Nitro System enables the first tenets of secure AI infrastructure by separating AI data from AWS operators. The second principle provides a way to remove proprietary user and software administrative access to AI data. AWS not only provides a way to do that, but we're making it easy and practical by investing in building an integrated solution between AWS Nitro Enclaves and AWS Key Management Service (AWS KMS). did. With Nitro Enclaves and AWS KMS, you can encrypt sensitive AI data with keys you own and control, store that data wherever you choose, and use the encrypted data for isolated compute for inference. Can be safely transferred to the environment. Throughout this process, sensitive AI data is encrypted and isolated from users and software on the EC2 instance, and AWS operators cannot access this data. Use cases that would benefit from this flow include running his LLM inference in an enclave. Until today, Nitro Enclave only works within the CPU, limiting its potential for larger generative AI models and more complex processing.
We announced plans to extend this Nitro end-to-end encryption flow to include best-in-class integration with ML accelerators and GPUs to meet the third principle. Sensitive AI data can now be decrypted and loaded into ML accelerators for processing, isolating it from your own operators and validating the authenticity of the applications used to process the AI data. Through the Nitro System, you can cryptographically validate your application against his AWS KMS and decrypt your data only if the necessary checks pass. This enhancement enables AWS to provide end-to-end encryption for data flowing through generative AI workloads.
We plan to deliver this end-to-end encryption flow with the upcoming AWS design Trainium2 and GPU instances based on NVIDIA's upcoming Blackwell architecture, both of which support the third tenet of secure AI infrastructure: device-to-device provides secure communications. AWS and NVIDIA are working closely to bring joint solutions to market, including NVIDIA's new NVIDIA Blackwell GPU platform. It combines NVIDIA's GB200 NVL72 solution with Nitro System and EFA technologies to provide an industry-leading solution for securely building and deploying the next generation. Generative AI applications.

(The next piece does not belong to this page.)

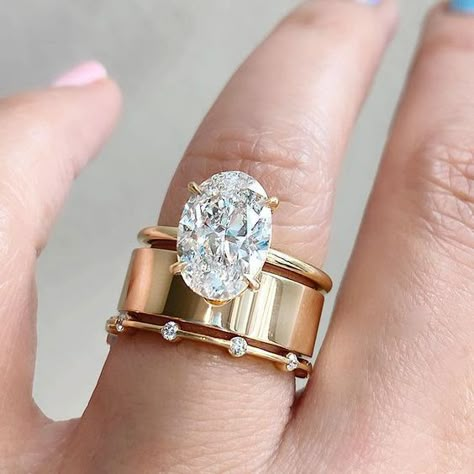 Diamond engagement ring paired with beautiful yellow gold bands Thick Wedding Bands, Thick Gold Band, Ring Inspo, Dream Engagement Rings, Dream Engagement, Band Engagement Ring, Pretty Rings, Dream Ring, Put A Ring On It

Generative AI advances the future of security
Today, tens of thousands of customers use AWS to experiment with innovative generative AI applications and move them into production. Generative AI workloads contain highly valuable and sensitive data that requires some level of protection by your own operators and cloud service providers. Customers using AWS Nitro-based His EC2 instances have had this level of protection and isolation from AWS operators since 2017, when he introduced the innovative His Nitro system.
At AWS, we continue to innovate and invest in building performant, easy-to-access capabilities to help customers protect their generated AI workloads across three layers of the generated AI stack. so that you can concentrate on The best way is to build on the uses of generative AI and expand it to more areas. Learn more about.
About the author
Anthony Liguori is an AWS Vice President and EC2 Distinguished Engineer
Colm MacCárthaigh is an AWS Vice President and EC2 Distinguished Engineer.